Pertanto, sulla base delle disposizioni normative, i contribuenti riconoscevano di avere commesso un errore nella compilazione della dichiarazione d’imposta, avendo indicato la voce “mancata riscossione dei canoni di affitto”, nonostante non fosse ricompresa tra gli oneri deducibili elencati nel TUIR. Conseguentemente, secondo i contribuenti, la soluzione proposta dai giudici di appello era da giudicare eccessivamente formalistica, non essendoci alcuna differenza sostanziale tra il comportamento adottato dai contribuenti e quanto prospettato dai giudici.

La sentenza della Cassazione

Con la sentenza in esame la Suprema Corte ha accolto il ricorso proposto dai due contribuenti persone fisiche, rinviando la causa al giudice al fine di accertare l’effettiva persistenza di un errore nella dichiarazione dei redditi dei due coniugi.

Innanzitutto, i giudici hanno rilevato che i contribuenti, impugnando la cartella di pagamento, hanno sostanzialmente dedotto di avere commesso un errore nella dichiarazione relativa all’anno di imposta 1998, che ha inciso sulla determinazione dell’obbligazione tributaria.
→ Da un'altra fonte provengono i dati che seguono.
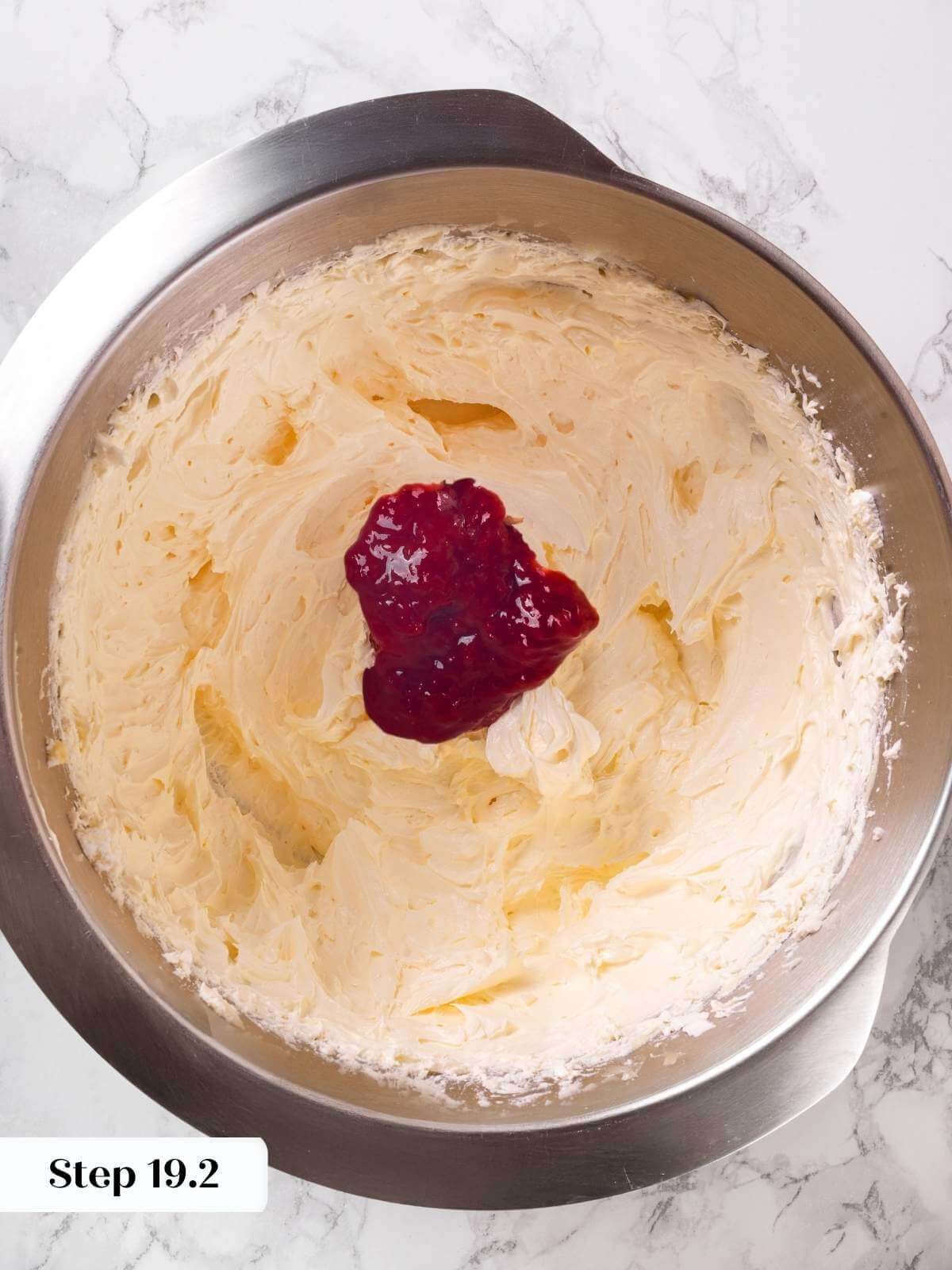 Strawberry jam being added to buttercream frosting for a rich, fruity flavor.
Tale errore è da imputare al fatto che in dichiarazione dei redditi è stato indicato il canone complessivo previsto contrattualmente in luogo della somma effettivamente percepita, e successivamente è stata dedotta la parte relativa al canone non percepito, benché tale deduzione non fosse prevista tra gli oneri deducibili di cui all’art. 10, TUIR.

Pertanto, la deduzione è stata operata con l’unico fine di neutralizzare l’errore commesso.

In ordine alla possibilità di rimediare agli errori commessi in dichiarazione, la giurisprudenza ha più volte evidenziato che "la dichiarazione dei redditi del contribuente, affetta da errore, sia esso di fatto che di diritto, commesso dal dichiarante nella sua redazione, alla luce del D.P.R. n. 600 del 1973, nel testo applicabile «ratione temporis», è - in linea di principio – emendabile e ritrattabile, quando dalla medesima possa derivare l’assoggettamento del dichiarante ad oneri contributivi diversi e più gravosi di quelli che, sulla base della legge, devono restare a suo carico”.

Da ciò consegue che devono considerarsi irretrattabili soltanto le dichiarazioni relative a rapporti sostanziali esauriti, ossia definiti da qualche fatto o circostanza diverso dalla dichiarazione stessa; ad esempio, attraverso il decorso del termine per la presentazione della domanda di rimborso delle somme indebitamente versate.

In forza a tale principio, espresso in primo luogo dalla Cassazione nella sentenza del 25 ottobre 2002, n. 15063, la dichiarazione presentata dal contribuente è suscettibile di modifica in ragione dell’acquisizione di nuovi elementi, idonei a rappresentare la realtà dei fatti e consentire la realizzazione dell’iter procedimentale volto all’accertamento dell’obbligazione tributaria.

Inoltre, l’art. 9, commi 7 e 8, D.P.R. n. 600/1973 (applicabili ratione temporis al caso di specie), non pone alcun limite temporale all’emendabilità e alla ritrattabilità della dichiarazione dei redditi risultanti da errori commessi dal contribuente, se non nei limiti del diritto al rimborso, ai sensi dell’art. 38, D.P.R. n. 602/1973. Infatti, la dichiarazione non seguita da atti autonomamente impugnabili (quale, ad esempio, la cartella di pagamento), legittima la rettifica, la quale si risolve necessariamente in una istanza di rimborso della maggiore imposta versata in base alla dichiarazione originaria ovvero del maggior credito d'imposta risultante.

Invero, la possibilità di emendare la dichiarazione d’imposta per errori di fatto e di diritto deve essere riconosciuta anche in sede contenziosa, al fine di permettere al contribuente di opporsi alla maggiore pretesa tributaria avanzata dall’Amministrazione finanziaria (Cfr. Cass. n. 22021/2006).

Sicché, conclude la Corte, “un sistema legislativo che intendesse negare in radice la rettificabilità della dichiarazione, darebbe luogo a un prelievo fiscale indebito e, pertanto, non compatibile con i principi costituzionali della capacità contributiva - art. 53 Cost., comma 1 - e dell’oggettiva correttezza dell’azione amministrativa - art. 97 Cost., comma 1".